[pvrusb2] HVR-1950 driver loading problem

JE Geiger james.e.geiger at gmail.com
Wed Jun 17 15:09:42 CDT 2009


Slackware was the first Linux distro I used.  It was a gimme CD from my
brother.  Before that I ran Coherent and uucp to get e-mail with a 9600 baud
Telebit modem.  My how things have changed for the better.

I am using the Fedora 10 DVD to reformat and reload the AMD 64 X2 and will
soon be able to test if the pvrusb2/HVR-1950 comes back to life.  Fedora
does not go backward gracefully so a reload from scratch was in order.  

The Intel Pentium D was still on Fedora 10 and thus using an older gcc.  
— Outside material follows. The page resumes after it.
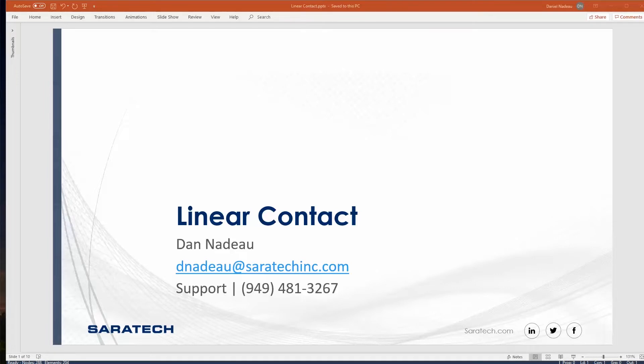Welcome. My name is Dan Nadell, application engineer here for Saratech. Today I'm going to be talking about linear contact inside of FEMAP.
If this fixes it, I don't know what to do other than run  older version on
the mythtv box.  At the very least we can terminate this thread.   

-----Original Message-----
From: pvrusb2-bounces at isely.net [mailto:pvrusb2-bounces at isely.net] On Behalf
Of storkus at storkus.com
Sent: Wednesday, June 17, 2009 3:38 PM
To: Communications nexus for pvrusb2 driver
Subject: Re: [pvrusb2] HVR-1950 driver loading problem

You're wrong on that: the compiler generates code for the architecture and,
if given, specific processor.

On 32 bit, there are a slew of optimizations and code generating options for
different processors from Intel, AMD, the old Cyrix processors, etc.
 Most distros have their compilations set at a generic default so the code
will run on any processor family and higher.  However, if a something
specific is being thrown in there like "-march=xxx", that could break
something when going from one processor to another.  If Fedora did something
like that, it's their fault.

On 64 bit things are much simpler (for now): as long as you specify
something like "-mcpu=x86_64" (I think this flag name may have changed),
you'll see code that should work on either Intel's EM-64T or AMD's AMD-64.
OTOH, specifying "-march=amdk8" (if I remember right) will throw in
AMD-specific optimizations that may/will break on Intel.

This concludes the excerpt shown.